Rédigé par leral.net le Vendredi 27 Octobre 2017 à 08:33 | | 0 commentaire(s)|

Le président indépendantiste catalan, Carles Puigdemont, lors d'une session parlementaire à Barcelone, le 26 octobre 2017 Photo LLUIS GENE. AFP

Le gouvernement espagnol devrait obtenir vendredi le feu vert du Sénat pour prendre le contrôle de la Catalogne, une mesure sans précédent en 40 ans de démocratie à laquelle les séparatistes pourraient répliquer par une déclaration d’indépendance.

La rupture semble consommée entre la Catalogne et l’Espagne, dont les rapports n’ont cessé de se tendre depuis le début des années 2010. 

Et même si elle n’a fait aucun mort, cette crise politique a franchi un nouveau palier et inquiète le reste de l’Europe qui la suit de près, même si l’UE se garde d’intervenir. 

Face aux menaces de sécession proférées par les indépendantistes, les mesures envisagées par le gouvernement conservateur de Mariano Rajoy sont désormais drastiques: destitution de l’exécutif indépendantiste de la région, mise sous tutelle de sa police, de son Parlement et de ses médias publics pendant une période pouvant durer six mois, avant des élections régionales en 2018.

Pour défendre ces mesures, M. Rajoy participera à la séance cruciale de débats au Sénat, qui doit débuter vers 08h00 GMT (10h00 locales) vendredi.

Son parti disposant d’une confortable majorité des sénateurs, ceux-ci devraient donc accorder au gouvernement l’autorisation de faire usage d’un article de la Constitution très délicat et encore jamais utilisé, le 155. 

Cet article permet à l’Etat de prendre le contrôle d’une «communauté autonome si elle ne respecte pas les obligations qui lui sont imposées par la Constitution ou d’autres lois».

- 'La République nous attend' -

Le gouvernement a assuré vouloir uniquement en faire usage pendant six mois, pour «restaurer l’ordre constitutionnel» et même «la concorde», alors que les Catalans sont divisés sur la question de l’indépendance.

Il s’agit de «préserver la reprise économique, l’emploi, la tranquillité des familles, qui sont en danger du fait de décisions capricieuses, unilatérales et illégales du gouvernement» catalan, a assuré jeudi la vice-présidente du gouvernement, Soraya Saenz de Santamaria.

Mais ces mesures risquent d’entraîner une forte résistance -se voulant pacifique- en Catalogne, une région très attachée à cette autonomie récupérée après la fin de la dictature franquiste (1939-1975).
Les grandes associations indépendantistes ANC et Omnium Cultural, dont les dirigeants avaient été placés en détention pour «sédition» à la mi-octobre, ont lancé des appels à manifester devant le parlement catalan dès vendredi matin, avec le slogan: «La République nous attend, il faudra la défendre».

La mise sous tutelle de la région pourrait contribuer à alimenter le ressentiment contre le Parti populaire (PP) de M. Rajoy, qui avait déjà obtenu que la Cour constitutionnelle rabote en 2010 le statut d’autonomie de la Catalogne.
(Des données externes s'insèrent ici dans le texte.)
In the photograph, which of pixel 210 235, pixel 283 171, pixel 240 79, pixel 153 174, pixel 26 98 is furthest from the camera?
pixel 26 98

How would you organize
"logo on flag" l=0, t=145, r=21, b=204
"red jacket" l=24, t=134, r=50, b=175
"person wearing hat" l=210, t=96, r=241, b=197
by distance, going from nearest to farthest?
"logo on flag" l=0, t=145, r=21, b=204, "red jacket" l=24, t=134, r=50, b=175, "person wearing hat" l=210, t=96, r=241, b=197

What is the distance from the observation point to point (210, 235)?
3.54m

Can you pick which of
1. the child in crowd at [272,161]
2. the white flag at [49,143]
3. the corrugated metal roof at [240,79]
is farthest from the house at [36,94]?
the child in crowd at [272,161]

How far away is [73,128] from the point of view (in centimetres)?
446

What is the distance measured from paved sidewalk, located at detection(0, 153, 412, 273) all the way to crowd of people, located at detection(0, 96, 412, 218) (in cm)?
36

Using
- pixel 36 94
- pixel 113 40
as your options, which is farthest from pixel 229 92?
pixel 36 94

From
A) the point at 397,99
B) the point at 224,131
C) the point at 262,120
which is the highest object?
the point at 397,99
Beaucoup estiment qu’elle pourrait même contribuer à y renforcer le sentiment indépendantiste.

Le président catalan, l’indépendantiste Carles Puigdemont, a déjà lancé que ces mesures cachaient en fait «l’intention vengeresse» de l’Etat contre la région insoumise.
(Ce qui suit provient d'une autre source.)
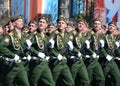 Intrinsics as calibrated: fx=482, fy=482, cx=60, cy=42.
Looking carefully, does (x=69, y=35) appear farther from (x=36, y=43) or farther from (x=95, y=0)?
(x=95, y=0)

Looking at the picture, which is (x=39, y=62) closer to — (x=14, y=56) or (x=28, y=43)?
(x=28, y=43)

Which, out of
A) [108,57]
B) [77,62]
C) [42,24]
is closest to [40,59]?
[42,24]

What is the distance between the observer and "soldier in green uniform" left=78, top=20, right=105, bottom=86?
10.8 meters

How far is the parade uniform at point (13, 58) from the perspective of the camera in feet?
31.6

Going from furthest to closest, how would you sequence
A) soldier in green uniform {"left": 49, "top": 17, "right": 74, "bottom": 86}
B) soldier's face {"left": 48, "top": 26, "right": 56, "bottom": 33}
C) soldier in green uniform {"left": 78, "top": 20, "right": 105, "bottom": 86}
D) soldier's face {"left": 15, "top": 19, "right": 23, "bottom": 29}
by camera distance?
1. soldier in green uniform {"left": 78, "top": 20, "right": 105, "bottom": 86}
2. soldier's face {"left": 48, "top": 26, "right": 56, "bottom": 33}
3. soldier in green uniform {"left": 49, "top": 17, "right": 74, "bottom": 86}
4. soldier's face {"left": 15, "top": 19, "right": 23, "bottom": 29}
Jeudi, il a renoncé in extremis à convoquer des élections anticipées dans sa région, douchant les espoirs de ceux qui espéraient que cela ouvrirait un espace pour le dialogue et l’apaisement. 
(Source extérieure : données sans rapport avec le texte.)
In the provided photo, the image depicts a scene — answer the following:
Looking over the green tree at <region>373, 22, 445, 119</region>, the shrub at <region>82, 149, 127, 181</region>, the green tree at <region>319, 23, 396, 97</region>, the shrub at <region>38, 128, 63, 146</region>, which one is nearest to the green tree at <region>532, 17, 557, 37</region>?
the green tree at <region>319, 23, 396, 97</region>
Dans le cadre d’une médiation entre Barcelone et Madrid -impliquant notamment le président du gouvernement basque Inigo Urkullu-, il était en effet envisagé que M. Rajoy accepte de ne pas appliquer l’article 155 si M. Puigdemont convoquait ces élections.

- L’article 155, une 'agression' -

Après une une journée de tergiversations et fausses rumeurs, M. Puigdemont a cependant annoncé qu’il renonçait à convoquer ces élections, faute d’avoir obtenu cette garantie de Madrid. Et il a laissé au parlement catalan le soin de déterminer vendredi les conséquences de l’application du 155 «contre la Catalogne».

Les partis séparatistes -allant de l’extrême gauche au centre-droit- sont majoritaires en sièges (72 sur 135) au parlement catalan depuis septembre 2015. Ils conduisent un processus, présenté comme irréversible, pour conduire la région à l’indépendance, au grand dam d’une bonne partie des Catalans qui veulent rester espagnols.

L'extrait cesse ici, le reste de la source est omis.